Am oberen Rand des Eis liegt das höhere Unbewusste. Hier kommen unsere besten Ideen her: kreative Einfälle, intuitive Einsichten und Inspirationen. Es ist der Ort, an dem Künstler, Wissenschaftler und Philosophen ihre bahnbrechenden Ideen finden.

Doch dieser Bereich ist nicht nur für Genies reserviert – jeder von uns hat Zugang zu dieser Quelle. Die Psychosynthese hilft uns dabei, unser höheres Potenzial zu entdecken und in unser tägliches Leben zu integrieren.

  1. Das Bewusstseinsfeld: Wo wir „im Jetzt“ sind

In der Mitte des Eis befindet sich das Bewusstseinsfeld, also alles, worauf wir uns im Moment konzentrieren. Hier erleben wir die Welt direkt – mit Gedanken, Gefühlen und Wahrnehmungen.

  1. Das Ich oder personale Selbst

Im Zentrum dieses Feldes steht das Ich oder personale Selbst. Es ist das Bewusstsein, das sagt: „Das bin ich.“ Es ist sozusagen der Kapitän, der das Schiff steuert – manchmal bewusst, manchmal eher unbewusst.

  1. Das transpersonale Selbst: Die Kraft, die alles eint

Noch weiter oben, jenseits des persönlichen Bewusstseins, liegt das transpersonale Selbst. Assagioli beschreibt es als eine liebevolle, akzeptierende Kraft, die unser gesamtes Sein durchdringt. Manche Menschen sprechen in diesem Zusammenhang von einem „höheren Geist“ oder einer Verbindung zum Universum.

Das transpersonale Selbst kann uns helfen, unsere innere Balance zu finden, und gibt uns das Gefühl, mit etwas Größerem verbunden zu sein.

  1. Alles eingebettet im kollektiven Unbewussten

Schließlich ist unser individuelles Bewusstsein nicht isoliert. Es ist eingebettet in das kollektive Unbewusste, eine Art „gemeinschaftlicher Speicher“ der Menschheit. Hier finden wir kulturelle Prägungen und Archetypen, die tief in uns verankert sind.

Was wir vom Ei-Modell lernen können

Das Ei-Modell zeigt uns, dass unsere Psyche vielschichtig und dynamisch ist. Die verschiedenen Ebenen stehen miteinander in Verbindung und beeinflussen sich gegenseitig. Es gibt keine starren Grenzen zwischen ihnen – alles ist im Fluss.

Roberto Assagioli wollte uns mit diesem Modell keine strengen Definitionen auferlegen, sondern ein Werkzeug an die Hand geben, um uns selbst besser zu verstehen.

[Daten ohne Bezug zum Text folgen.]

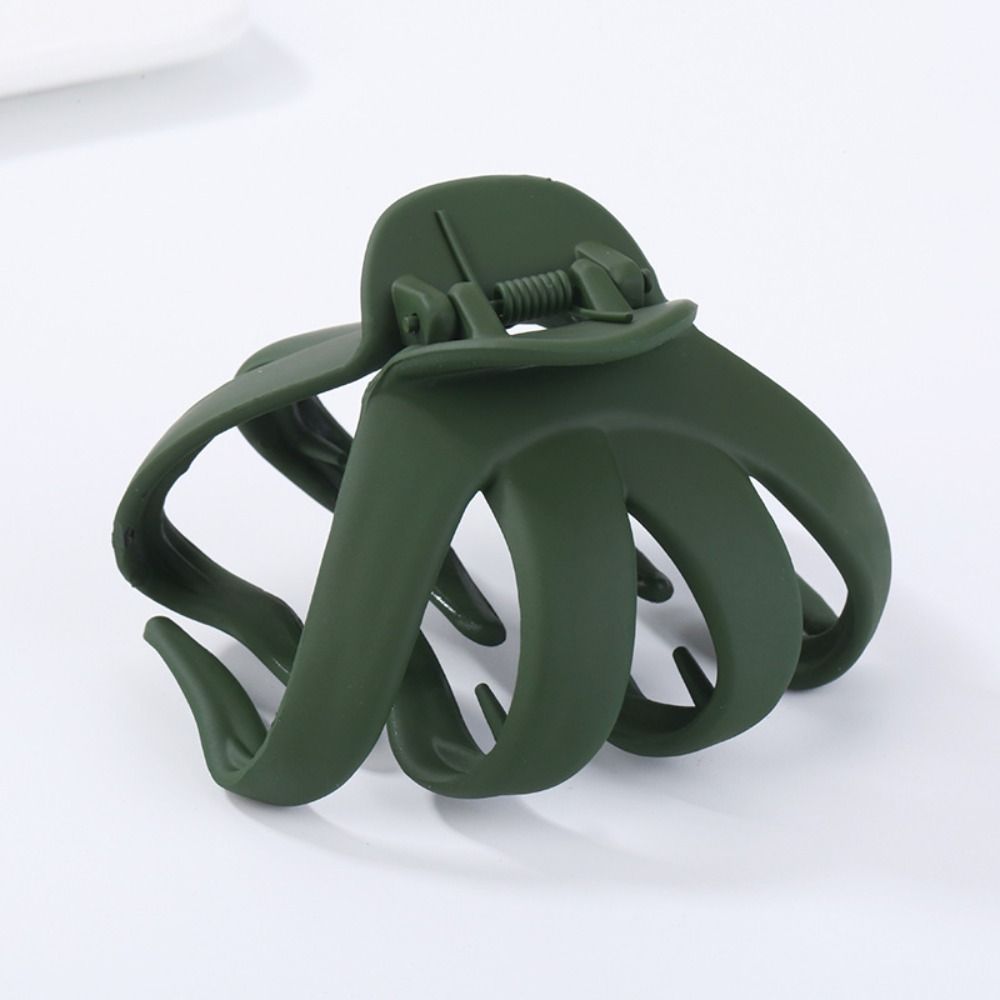 

Головний убір Заколки для волосся у вигляді восьминога Шпилька Затискач для волосся Шарм Тримач для хвостика Жінка зелений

Besonders wertvoll ist, dass es keine Bewertungen gibt: Das tiefere Unbewusste ist nicht „schlechter“ als das höhere Unbewusste – es hat einfach eine andere Funktion und einen anderen Ursprung.

Fazit: Eine Reise zu uns selbst

Das Ei-Modell ist nicht nur eine spannende Theorie, sondern auch eine Einladung, uns selbst zu erforschen. Es hilft uns, die verborgenen Kräfte in uns zu entdecken, Hindernisse zu überwinden und unser volles Potenzial zu entfalten.

Wer Lust hat, tiefer in die Psychosynthese einzutauchen, kann durch Übungen und Meditationen einen Zugang zu diesen Ebenen finden – und so Schritt für Schritt mehr über sich selbst lernen.